Sostiene Ridao que el filósofo francés defendió una revuelta que hoy parece haberse convertido en una necesidad de primer orden. Es tarea del escritor preguntarse cómo puede la escritura contribuir a ello. En su artículo “El vacío elocuente” (págs. 84-87), Ridao comparte con Camus la creencia de que las cosas que se dicen aumentan la infelicidad del mundo. El escritor, por lo tanto, tiene la obligación de decirlas con precisión: “Reconocer en la indiferencia una razón para el homicidio, y reconocerla, además, cuando la hecatombe que se había precipitado sobre el mundo necesitaba de las grandes palabras como coartada pero también como consuelo, debió de provocar en los primeros lectores de El extranjero ese instante de silencio y conmoción en el que el hombre toma repentina conciencia de la tragedia”.
Camus defiende que el escritor tiene que decir la verdad. En los tiempos adversos de la ocupación nazi y la atroz guerra de Argelia, él mismo se dedicó heroicamente a decirla y a luchar por ella, contra todo tipo de propaganda. La premisa de su rebelión es el descreimiento.
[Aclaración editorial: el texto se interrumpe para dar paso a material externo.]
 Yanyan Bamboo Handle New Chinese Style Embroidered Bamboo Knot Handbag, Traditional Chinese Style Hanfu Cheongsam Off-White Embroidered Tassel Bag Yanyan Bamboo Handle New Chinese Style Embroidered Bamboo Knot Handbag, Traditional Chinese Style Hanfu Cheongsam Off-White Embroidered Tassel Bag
De ahí su rechazo a cualquier ideología que emplace la felicidad humana en el más allá; o, en la versión secular-religiosa, que la sitúe en un estado ideal, terrenal y futuro, cuya consecución suponga el sufrimiento, si no el exterminio, de todo aquel que no se pliegue a los designios del líder. Como afirma el diplomático madrileño, “A través de la contemplación, Camus advierte que el hombre habita una tierra de nadie entre la experiencia insatisfactoria y el inalcanzable Absoluto, y que es en esa tierra de nadie donde el hombre debe hallar los principios y criterios para concebir su vida”.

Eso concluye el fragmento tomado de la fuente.